START MATERIAL FOR THE TASK

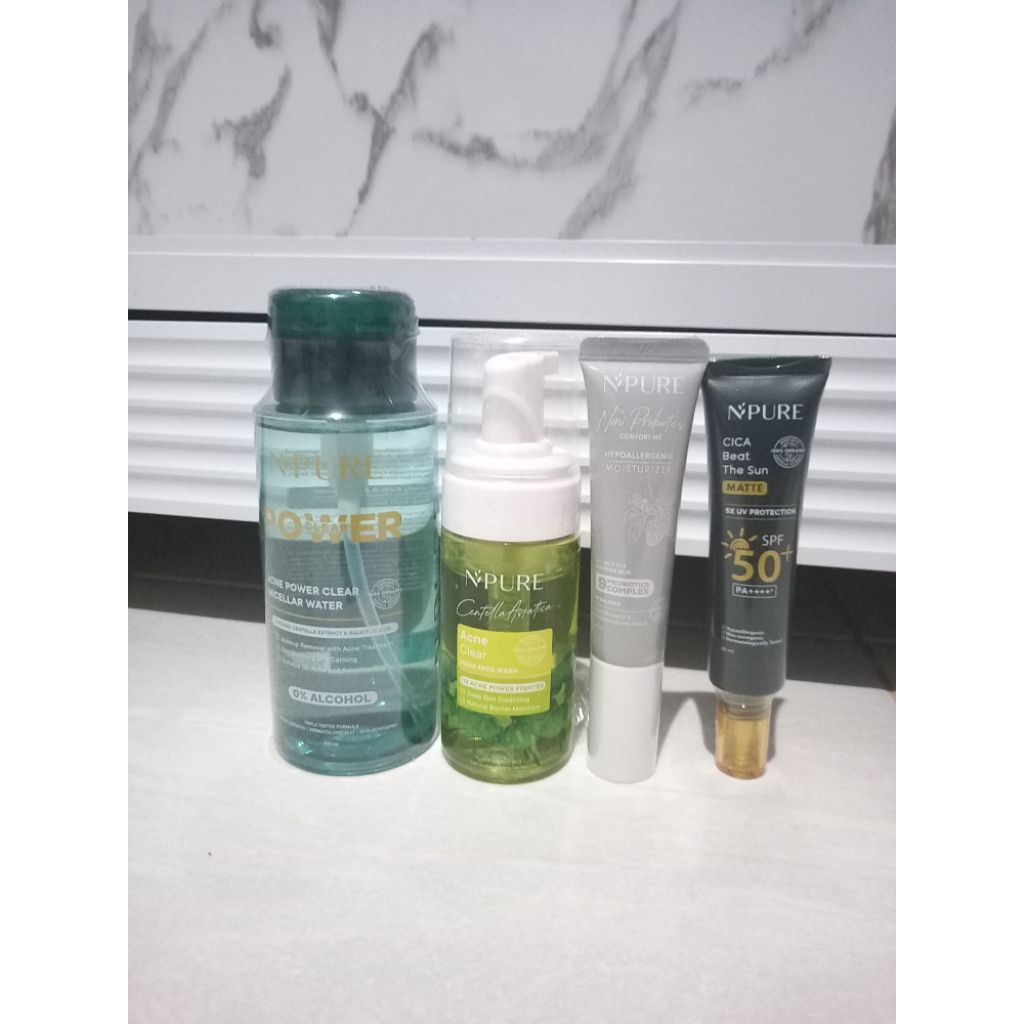 N'PURE BASIC SKINCARE NPURE PAKET PEMULA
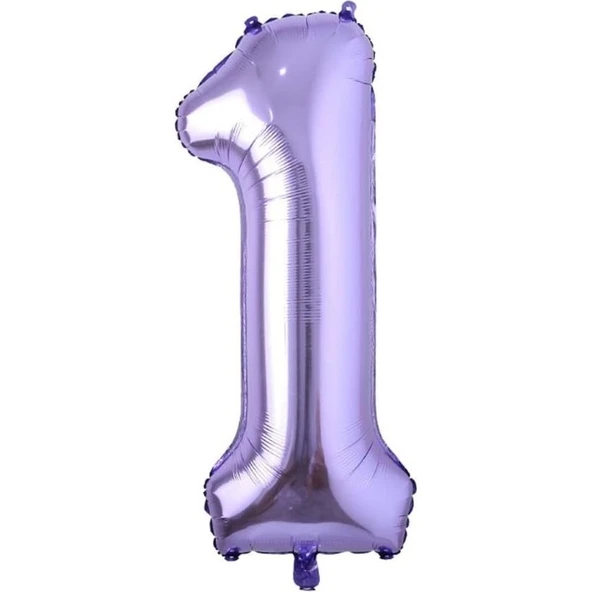 Parti Sürprizi Mor Renk 1 Rakam Folyo Balon 100 cm ürün görseli
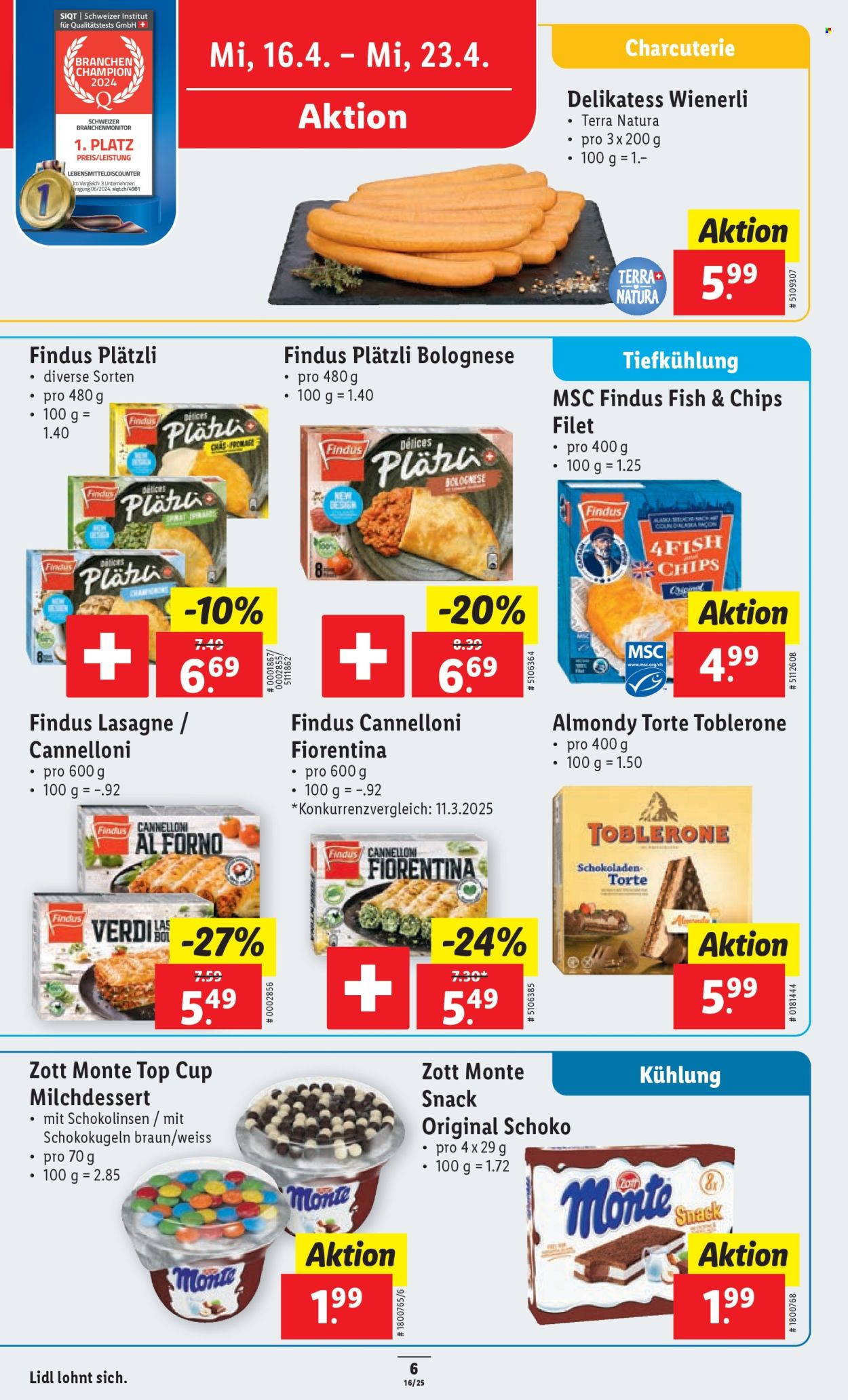 Catalogue Lidl - 16.4.2025 - 23.4.2025. Page 6
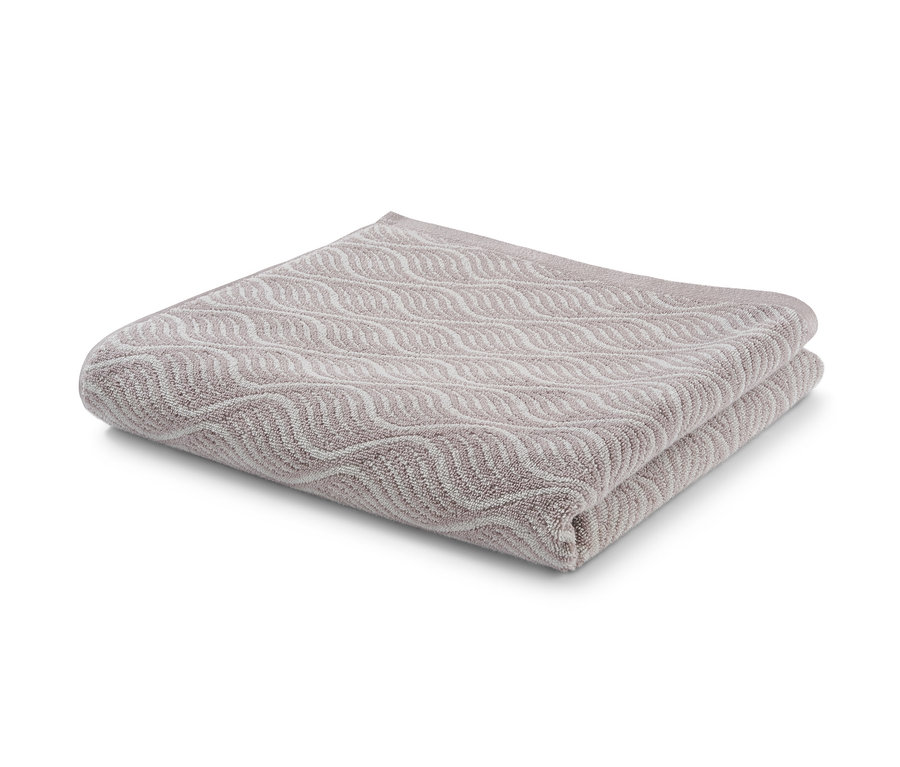 Gefaltetes Jacquard-Badetuch.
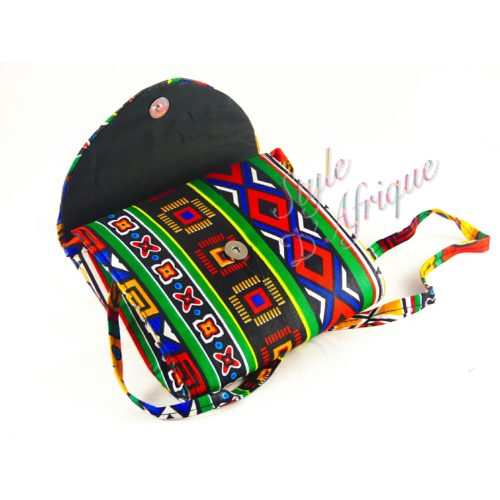 sac à main pochette wax et sandales ankara africain ethnique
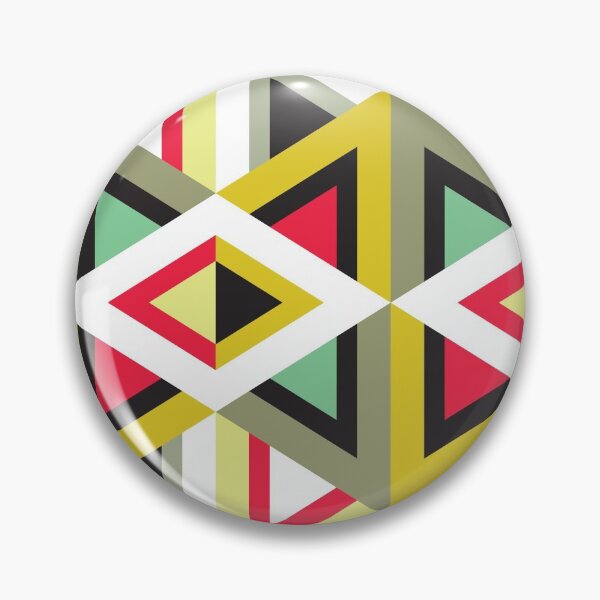 Item preview, Stripy Triangle Pattern designed and sold by Geometric Patterns.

END MATERIAL FOR THE TASK

- EXERCISE INSTRUCTIONS -
The copy you give must repeat each record character for character, but it must not include the pictures.

- THE COMPLETED TASK -
 N'PURE BASIC SKINCARE NPURE PAKET PEMULA
 Parti Sürprizi Mor Renk 1 Rakam Folyo Balon 100 cm ürün görseli
 Catalogue Lidl - 16.4.2025 - 23.4.2025. Page 6
 Gefaltetes Jacquard-Badetuch.
 sac à main pochette wax et sandales ankara africain ethnique
 Item preview, Stripy Triangle Pattern designed and sold by Geometric Patterns.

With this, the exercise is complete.